I recently did a lot of front-end-optimization and followed a lot of the best practice guides which are available (Yahoo (Steve Souders), Google) on the internet or in books.

Independent from this - where I still have to optimize things - I am already thinking about the Back-End-Optimization. At the moment I am running my site on a VPS with CentOS 6.2, Apache 2.2 and PHP 5.3.

What should be the next step to optimize the back-end? Is there any best practice guide available with an order like Souders did in his book "High Performance Websites"? Should be the first step to switch from Apache to nginx?

RE: Back-End-Optimization - Best practice - andydavies - 06-12-2014 07:59 PM

First step is to measure where the bottlenecks are on the server.

APM tools like New Relic can help on this front but there are other routes e.g. query logs in MySQL, adding time-taken to Apache config, using xdebug's profiler etc.

RE: Back-End-Optimization - Best practice - pmeenan - 06-17-2014 05:03 AM

You also have to watch out for bottlenecks in the server before they get to the APM tools (depending on your scale). WebPagetest was originally running PHP on Apache but I was seeing some slow responses that weren't showing up in any of the instrumentation - turned out I was running out of clients (insert giant rant about Apache + php + keep-alive here).

From a pure platform perspective, I can not recommend moving to Nginx + php-fpm + php-apc highly enough for serving PHP apps (won't solve app-specific issues but is a huge deal for just being able to handle traffic)

Huge +1 for APM tools - I love New Relic and regularly go in and find some new hot code to optimize on WPT. It's particularly fun when you first install it and get huge wins with minimal effort.

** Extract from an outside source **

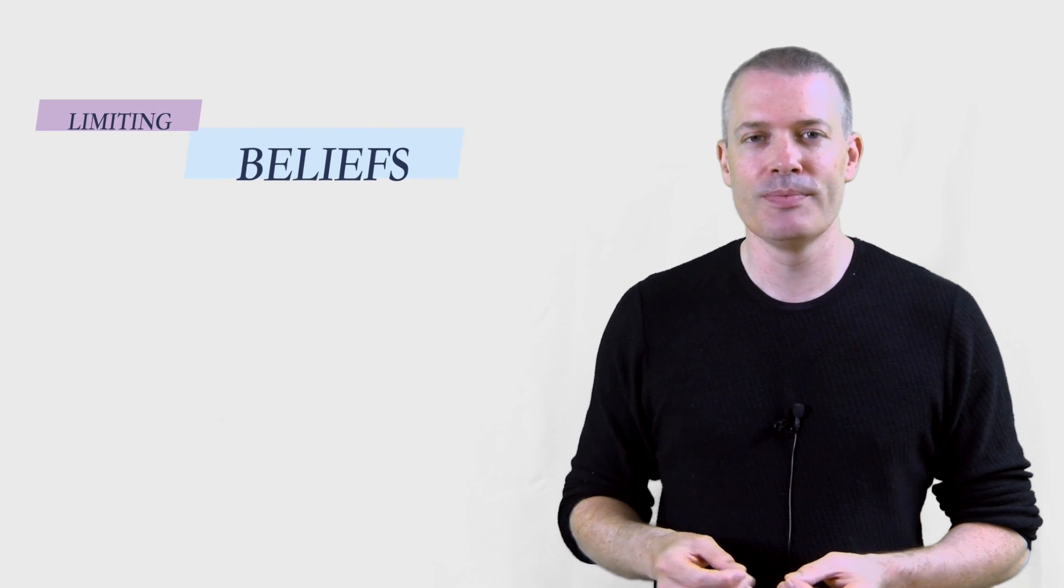Hi, I'm Stephen Burns from Solutions in Mind, and in this video I'd like to discuss limiting beliefs.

I think in the first week I got the average response times down from ~200ms to < 20ms and things are hovering around 10ms right now (averages, measured on the server, lots of hand-waving there).

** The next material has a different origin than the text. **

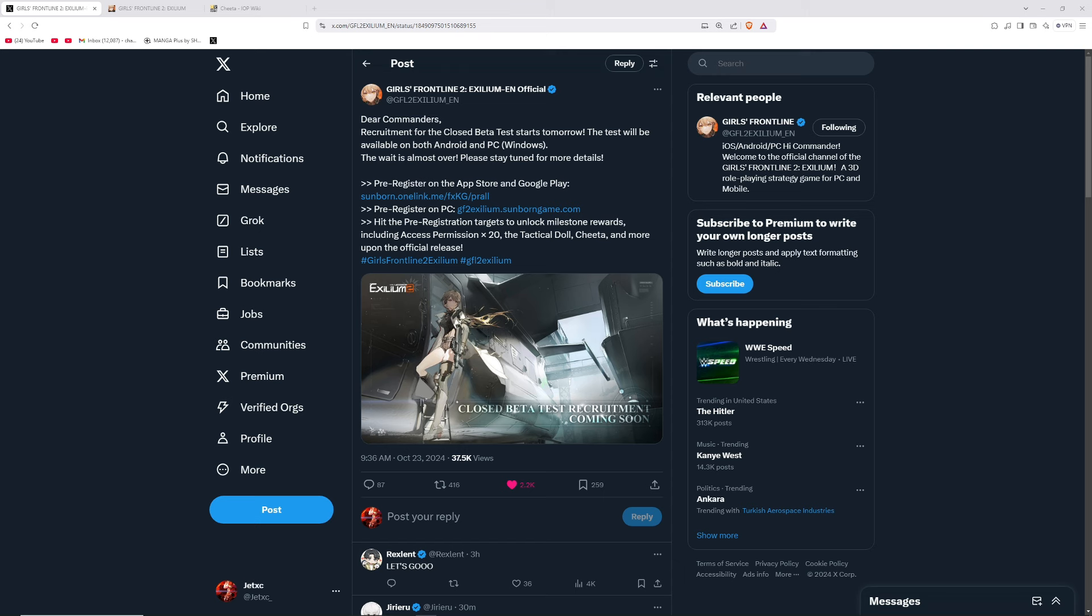This is something I've talked to my chat about and made videos about on my channel. Girls Frontline 2 already has pre-registers out - I've made a video about this. Apple Store, Google Store, you'll be able to pre-register.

RE: Back-End-Optimization - Best practice - sigurdur - 06-23-2014 08:25 PM

You can also get a (free) service to increase your response time.

I had Apache 2 + PHP + static cached files for my WordPress blog and got my load times to approx 1.5 seconds.

Then I configured CloudFlare to be in front of my website (I had to do a little DNS configuring) and my load times are now under 1 second on average.